Find each line below that includes "Chevrolet", then copy it.

* _Record extracts_
◆ ◆ ◆ ◆ ◆

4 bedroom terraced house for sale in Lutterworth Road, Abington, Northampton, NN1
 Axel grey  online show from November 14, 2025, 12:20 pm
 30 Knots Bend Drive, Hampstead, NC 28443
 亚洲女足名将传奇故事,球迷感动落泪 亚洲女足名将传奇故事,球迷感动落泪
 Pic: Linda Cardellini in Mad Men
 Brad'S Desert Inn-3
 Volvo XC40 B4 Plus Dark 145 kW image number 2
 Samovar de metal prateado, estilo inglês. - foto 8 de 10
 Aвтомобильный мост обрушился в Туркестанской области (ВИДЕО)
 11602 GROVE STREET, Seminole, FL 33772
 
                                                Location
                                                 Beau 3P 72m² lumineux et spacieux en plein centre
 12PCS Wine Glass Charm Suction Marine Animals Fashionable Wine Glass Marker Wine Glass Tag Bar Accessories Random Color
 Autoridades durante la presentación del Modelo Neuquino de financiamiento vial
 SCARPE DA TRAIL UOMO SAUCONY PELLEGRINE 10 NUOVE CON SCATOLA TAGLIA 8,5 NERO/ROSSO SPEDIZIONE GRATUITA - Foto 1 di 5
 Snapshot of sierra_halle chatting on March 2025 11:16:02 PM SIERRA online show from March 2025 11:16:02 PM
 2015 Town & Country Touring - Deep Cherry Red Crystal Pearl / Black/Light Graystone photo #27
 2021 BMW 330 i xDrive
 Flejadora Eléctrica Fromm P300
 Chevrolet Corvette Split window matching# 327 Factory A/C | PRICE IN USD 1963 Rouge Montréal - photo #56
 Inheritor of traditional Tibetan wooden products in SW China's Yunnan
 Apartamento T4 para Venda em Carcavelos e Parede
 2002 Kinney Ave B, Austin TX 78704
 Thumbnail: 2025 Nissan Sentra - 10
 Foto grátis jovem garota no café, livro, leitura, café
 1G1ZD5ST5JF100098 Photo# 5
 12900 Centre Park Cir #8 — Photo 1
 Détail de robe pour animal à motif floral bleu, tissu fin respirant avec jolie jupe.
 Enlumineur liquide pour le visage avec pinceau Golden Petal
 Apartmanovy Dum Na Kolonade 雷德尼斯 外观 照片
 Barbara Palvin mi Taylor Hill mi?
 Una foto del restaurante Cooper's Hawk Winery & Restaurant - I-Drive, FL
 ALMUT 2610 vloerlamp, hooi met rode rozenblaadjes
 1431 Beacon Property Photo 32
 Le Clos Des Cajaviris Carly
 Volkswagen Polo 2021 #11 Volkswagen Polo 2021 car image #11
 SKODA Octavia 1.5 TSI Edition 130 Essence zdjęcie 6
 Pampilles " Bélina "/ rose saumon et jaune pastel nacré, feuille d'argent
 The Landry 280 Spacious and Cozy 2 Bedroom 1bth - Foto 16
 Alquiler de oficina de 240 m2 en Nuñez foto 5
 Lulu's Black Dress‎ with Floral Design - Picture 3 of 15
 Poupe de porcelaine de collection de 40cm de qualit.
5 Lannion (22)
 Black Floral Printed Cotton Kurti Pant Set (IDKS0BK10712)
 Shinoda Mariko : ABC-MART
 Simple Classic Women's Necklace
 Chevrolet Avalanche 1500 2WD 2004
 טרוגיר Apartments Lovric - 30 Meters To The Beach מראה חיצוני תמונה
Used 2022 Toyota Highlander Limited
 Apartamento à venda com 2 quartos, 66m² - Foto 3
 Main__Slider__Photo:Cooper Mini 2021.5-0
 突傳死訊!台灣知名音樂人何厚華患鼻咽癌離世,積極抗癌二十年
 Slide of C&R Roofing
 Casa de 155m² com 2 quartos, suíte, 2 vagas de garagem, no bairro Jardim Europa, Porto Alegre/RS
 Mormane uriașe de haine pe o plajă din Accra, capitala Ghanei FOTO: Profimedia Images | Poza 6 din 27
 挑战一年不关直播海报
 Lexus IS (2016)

◆ ◆ ◆ ◆ ◆

* _Response below_
 Chevrolet Corvette Split window matching# 327 Factory A/C | PRICE IN USD 1963 Rouge Montréal - photo #56
 Chevrolet Avalanche 1500 2WD 2004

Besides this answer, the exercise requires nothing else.